Children in the Tibetan Autonomous Region are losing fluency in the Tibetan language as schools are increasingly teaching subjects in Mandarin. Now most students in Tibet will only hear Tibetan-speaking teachers in classes where they study the language itself. As a result, many parents in the region are saddened that Mandarin has become the dominant language of their children.

Read the article below about the Tibetan language in Tibet.


Complete the sentences below with NO MORE than TWO WORDS from the article.

 
  1. In the 2010s, _____________ led to the use of Mandarin in elementary schools.

  2. Students' use of Tibetan has ____________ leading to less competence in the language.

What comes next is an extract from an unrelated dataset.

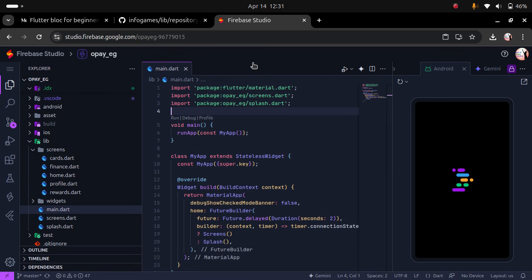All right, last time I showed how to use Firebase Studio to run your mobile applications on your web browser.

  3. Arya Tsewang Gyalpo believes that the reduction in the use of Tibetan language is a threat to Tibetan's ______________

  4. Karma Tenzin believes that use of Mandarin in schools has the effect of alienating ________ from their cultural heritage.

  5. A 2020 Human Rights Watch report identified that _____________ have been pressurized to give preference to classroom instruction in Chinese.

  6. Recently, Tibetan nationalists have been setting up ________________ which are often considered illegal by the authorities.

 

Instruction in Mandarin has been in effect in most middle and high schools in the region since the 1960s, but in the 2010s, many elementary schools and even kindergartens began teaching in Mandarin due to the educational policies of the regional government.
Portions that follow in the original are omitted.